Enam tahun lalu, Pangeran Mangkubumi akhirnya menerima desakan berulang-ulang menantunya, Pangeran Sambernyawa, untuk mau ditahbiskan menjadi raja Mataram dengan gelar Susuhunan Ingalaga di desa Kabanaran. Sambernyawa menjadi Patihnya.
Ya. Hormat dan cinta Mangkubumi pada Kakandanya, Susuhunan Pakubuwana II tak pernah luntur. Dia tak pernah mau diangkat menjadi raja, sebelum Pakubuwana II wafat pada 1749. Raja yang memelas ini mangkat dengan memasrahkan negara Mataram pada VOC yang diwakili Baron Von Hogendorff demi diangkatnya sang putra sebagai Pakubuwana III. Hal ini menggemeretakkan geraham Mangkubumi dan mencucurkan airmatanya.
Mangkubumi terus merambah berbagai medan.
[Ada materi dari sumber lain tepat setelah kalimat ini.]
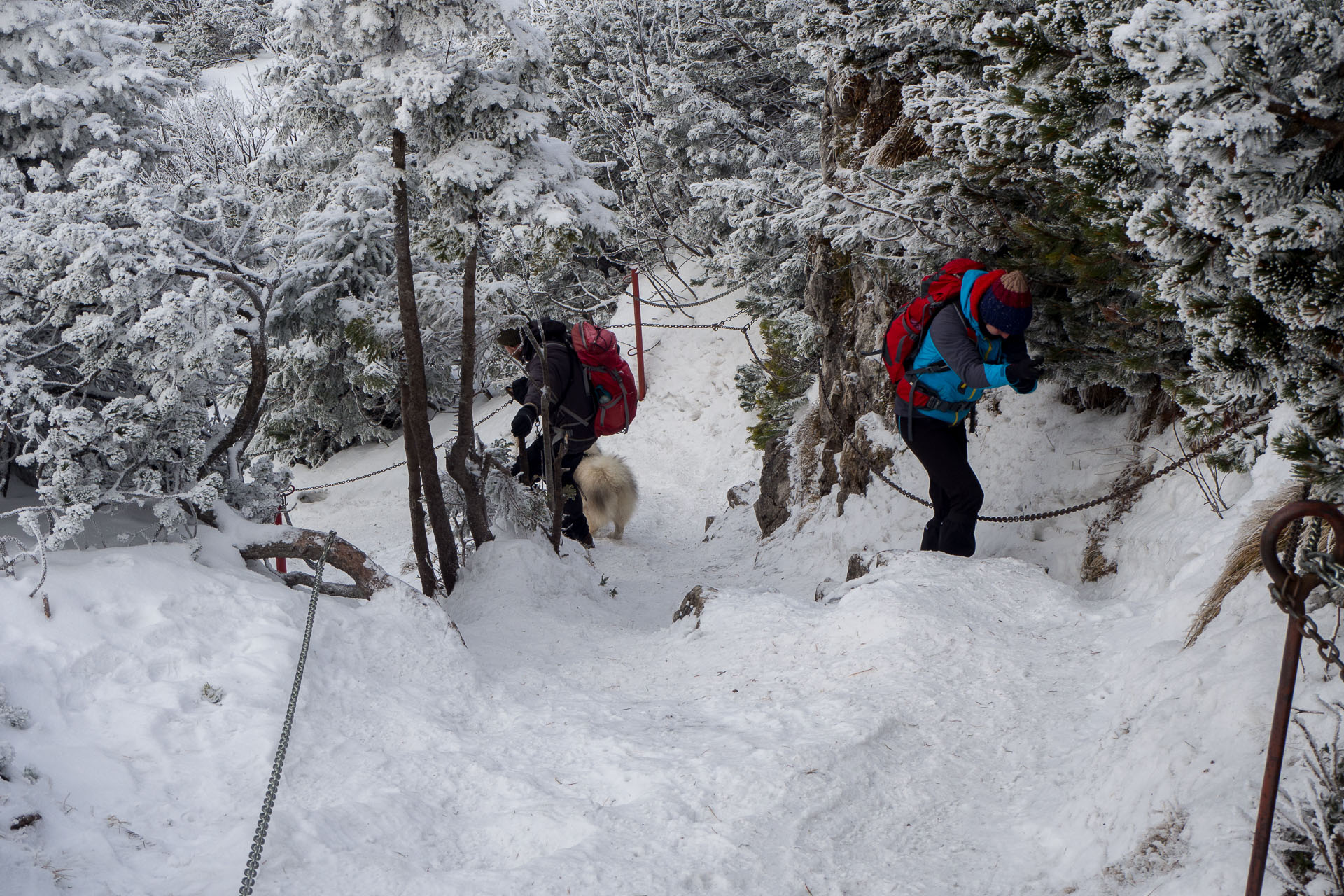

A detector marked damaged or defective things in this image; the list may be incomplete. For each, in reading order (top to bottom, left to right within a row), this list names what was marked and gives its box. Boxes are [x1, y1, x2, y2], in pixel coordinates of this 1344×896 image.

rusty metal post [631, 268, 648, 400]
rusty metal post [1242, 502, 1344, 892]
Bersama istrinya yang tangguh, Niken Lara Yuwati yang kelak menjadi Ratu Ageng Tegalreja pendidik Dipanegara, dia arungi hutan-hutan pegunungan di Banyumas dan Kedu hingga tembus ke Madiun dan Kediri. Yuwati bahkan melahirkan calon Sultan Hamengkubuwana II di lereng Gunung Sindara. Rangga Prawiradinigrat, Tumenggung Sindunegara, Arumbinang, Kolopaking, dan banyak pendukung lainnya tetap setia, ketika Sambernyawa yang dibakar ambisi mudanya mulai berpisah jalan.
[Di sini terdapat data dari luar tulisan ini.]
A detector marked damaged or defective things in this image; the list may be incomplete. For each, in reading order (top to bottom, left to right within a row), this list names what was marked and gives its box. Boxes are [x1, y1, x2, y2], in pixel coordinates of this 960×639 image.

VOC yang mengalami begitu banyak kerugian sepanjang 1746-1755, terutama tewasnya Mayor De Clerk pada 1751 dan pengepungan Benteng Ungaran yang berujung kematian Gubernur Jenderal Van Imhoff, merasa harus mencari cara lain untuk menundukkan Mangkubumi. Terlebih, Pangeran penuh kharisma itu telah memikat banyak simpati, dari Laskar Bugis dan Daeng di Makassar, para pelarian Madura, dan prajurit-prajurit Cirebon.
Jalan bagi VOC terbuka ketika seorang Arab bernama Syarif Besar Syaikh Ibrahim mendarat di Semarang. Nicholas Hartingh, Gubernur Nord Oost Kust tahu bahwa Mangkubumi punya orientasi kuat pada Daulah ‘Utsmaniyah sebagaimana Sultan Agung Hanyakrakusuma, moyangnya. Maka Syarif Besar Syaikh Ibrahim diminta menyama-nyama sebagai utusan Sultan Turki untuk membujuk Mangkubumi menghentikan perang dengan imbalan separuh wilayah Mataram dan gelar Sultan yang resmi diakui oleh kuasa Ottoman.
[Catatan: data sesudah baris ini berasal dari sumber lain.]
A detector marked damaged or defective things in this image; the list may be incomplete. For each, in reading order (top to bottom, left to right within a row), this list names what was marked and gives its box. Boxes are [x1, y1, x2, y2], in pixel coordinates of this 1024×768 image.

Mangkubumi, dengan kecenderungan kuatnya pada legitimasi sah ‘Utsmani dan mempertimbangkan rakyat yang menderita karena perang akhirnya setuju untuk menggelar perundingan dengan VOC dan keponakannya, Pakubuwana III yang bertakhta di Surakarta. Tempatnya? Desa Giyanti. Perjanjian inilah yang nanti menjadi dasar berdirinya Kasultanan Ngayogyakarta Hadiningrat.